Task:
When the line with "2023 Porsche Macan T" appears below, start repeating lines exactly, and keep going through the line with "Bromley - 3 bedroom flat for sale"; add nothing outside that span.

Segment Start: Given entries

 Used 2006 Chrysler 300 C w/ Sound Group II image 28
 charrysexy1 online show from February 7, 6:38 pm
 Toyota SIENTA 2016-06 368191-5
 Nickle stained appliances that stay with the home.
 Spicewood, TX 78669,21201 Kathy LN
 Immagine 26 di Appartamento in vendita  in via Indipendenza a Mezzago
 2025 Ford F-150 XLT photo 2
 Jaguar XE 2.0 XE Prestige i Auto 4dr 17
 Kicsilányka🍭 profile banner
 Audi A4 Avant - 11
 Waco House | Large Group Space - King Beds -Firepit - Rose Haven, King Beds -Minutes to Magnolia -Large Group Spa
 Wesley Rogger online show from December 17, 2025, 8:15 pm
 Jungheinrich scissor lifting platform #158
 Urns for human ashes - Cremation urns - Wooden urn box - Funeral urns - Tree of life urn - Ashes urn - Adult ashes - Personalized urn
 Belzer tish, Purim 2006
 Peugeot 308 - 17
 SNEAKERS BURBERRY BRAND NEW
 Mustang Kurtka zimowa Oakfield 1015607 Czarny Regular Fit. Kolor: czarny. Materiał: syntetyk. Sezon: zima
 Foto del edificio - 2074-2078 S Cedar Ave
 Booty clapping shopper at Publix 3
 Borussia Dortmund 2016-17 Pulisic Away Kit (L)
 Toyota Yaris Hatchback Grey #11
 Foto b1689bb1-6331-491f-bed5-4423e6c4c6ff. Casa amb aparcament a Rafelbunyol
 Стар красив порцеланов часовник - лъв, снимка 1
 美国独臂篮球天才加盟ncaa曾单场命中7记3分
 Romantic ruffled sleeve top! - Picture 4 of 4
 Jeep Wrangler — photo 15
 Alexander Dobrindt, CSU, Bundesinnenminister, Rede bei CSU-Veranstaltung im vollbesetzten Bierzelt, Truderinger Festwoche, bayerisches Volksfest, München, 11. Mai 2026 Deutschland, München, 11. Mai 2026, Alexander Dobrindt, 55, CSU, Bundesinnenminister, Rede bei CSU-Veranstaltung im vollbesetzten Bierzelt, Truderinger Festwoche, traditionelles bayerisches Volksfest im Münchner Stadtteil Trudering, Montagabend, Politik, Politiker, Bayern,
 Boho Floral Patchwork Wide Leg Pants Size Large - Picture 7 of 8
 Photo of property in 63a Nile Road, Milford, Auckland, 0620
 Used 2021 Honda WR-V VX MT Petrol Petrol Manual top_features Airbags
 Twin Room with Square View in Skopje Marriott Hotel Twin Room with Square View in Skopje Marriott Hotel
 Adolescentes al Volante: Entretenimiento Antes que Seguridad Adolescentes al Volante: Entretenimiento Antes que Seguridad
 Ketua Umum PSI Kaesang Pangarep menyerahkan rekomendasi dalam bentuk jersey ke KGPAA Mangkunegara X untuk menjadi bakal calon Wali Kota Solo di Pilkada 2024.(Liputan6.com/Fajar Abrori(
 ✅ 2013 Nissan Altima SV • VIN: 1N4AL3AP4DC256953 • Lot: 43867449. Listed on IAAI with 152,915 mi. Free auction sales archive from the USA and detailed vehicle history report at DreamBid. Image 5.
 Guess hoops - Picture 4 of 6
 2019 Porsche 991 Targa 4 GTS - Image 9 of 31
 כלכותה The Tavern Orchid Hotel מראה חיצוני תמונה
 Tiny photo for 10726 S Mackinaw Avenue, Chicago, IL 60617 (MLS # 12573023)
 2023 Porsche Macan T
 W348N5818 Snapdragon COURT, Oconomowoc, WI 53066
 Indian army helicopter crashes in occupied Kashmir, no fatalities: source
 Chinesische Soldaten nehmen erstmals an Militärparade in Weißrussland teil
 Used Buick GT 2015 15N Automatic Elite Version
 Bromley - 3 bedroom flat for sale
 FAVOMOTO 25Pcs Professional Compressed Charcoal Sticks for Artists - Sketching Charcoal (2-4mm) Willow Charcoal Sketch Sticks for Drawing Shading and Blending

Segment End: Given entries

Completed exercise:
 2023 Porsche Macan T
 W348N5818 Snapdragon COURT, Oconomowoc, WI 53066
 Indian army helicopter crashes in occupied Kashmir, no fatalities: source
 Chinesische Soldaten nehmen erstmals an Militärparade in Weißrussland teil
 Used Buick GT 2015 15N Automatic Elite Version
 Bromley - 3 bedroom flat for sale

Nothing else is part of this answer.